1. INSTRUCTIONS TO TEST WITH OTHER DATASETS AND VALIDATE:
arcadecpp/runner executable compresses csv files with C++
It has a terminal and receives queries in the following format:
C infile.csv outfile.diff 0 1000 0,1 CF DEFAULT
which means: Compress rows from 0 to 1000 and columns 0 and 1 from csv file infile.csv and write output to outfile.diff
CF is a parameter which tells how to decide when to store a local dictionary. Using CF the cost function is used.
Other parameters used in experiment 4.2 are OF, LD, DF, CD, CT.
Parameter DEFAULT leads to the default execution of compression algorithm.
If set to DISABLE_THRESHOLD, it disables the threshold of distict values/total values used to decide if dictionary encoding is enabled.
This is used in experiment 4.2 to compare the cost function to other alternatives enforcing dictionary encoding in any case.
Compress with Python, local, global, indirect and adaptive encoding:
from pyimplementation.pyarcade import write
import pyimplementation.global_encoding as global_encoding
import pandas as pd
df = pd.read_csv("inputfile.csv") # edit with csv input file path
write("outfile.diff", df, row_group_offsets=65535, format="LOCAL")
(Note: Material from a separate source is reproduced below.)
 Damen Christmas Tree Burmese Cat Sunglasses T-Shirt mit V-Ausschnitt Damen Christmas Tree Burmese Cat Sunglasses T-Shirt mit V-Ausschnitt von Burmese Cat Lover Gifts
global_encoding.write_global(df,"outfile.unorderedglob",0,65535)
write("outfile.diff", df, row_group_offsets=65535, format="ADAPTIVE")
global_encoding.write_indirect(df,"outfile.unindirect",0,65535)
Using any csv file, and the above python snippet, it is possible to produce 4 compressed
files.
Read executable scans, filter scans, and looks-up specific rows as follows:
./read file.diff 0 -- full scans column 0 of a file and prints the row count
./read file.diff 0 "value" 1 1 -- filter scan first column for value, bool values 1 1 means that zone-maps and diff min max values are enabled, otherwise
./read file.diff 0 600 -- returns value with row id = 600 (starts from 0)
This executable reads files produced with both Python or C++.
Using fastparquet interface:
#write
from pyimplementation.fastparquet import write
import pandas as pd
df = pd.read_csv("file.csv")
write("file.parq", df, row_group_offsets=65535)
write("file.diffparq", df, row_group_offsets=65535, format = "ADAPTIVE")
#read
from pyimplementation.fastparquet import ParquetFile
import pandas as pd
pf = ParquetFile('inputfile')
df_full = pf.to_pandas()
df = pf.to_pandas(['column_name'], filters=[('column_name', '=', 'value')])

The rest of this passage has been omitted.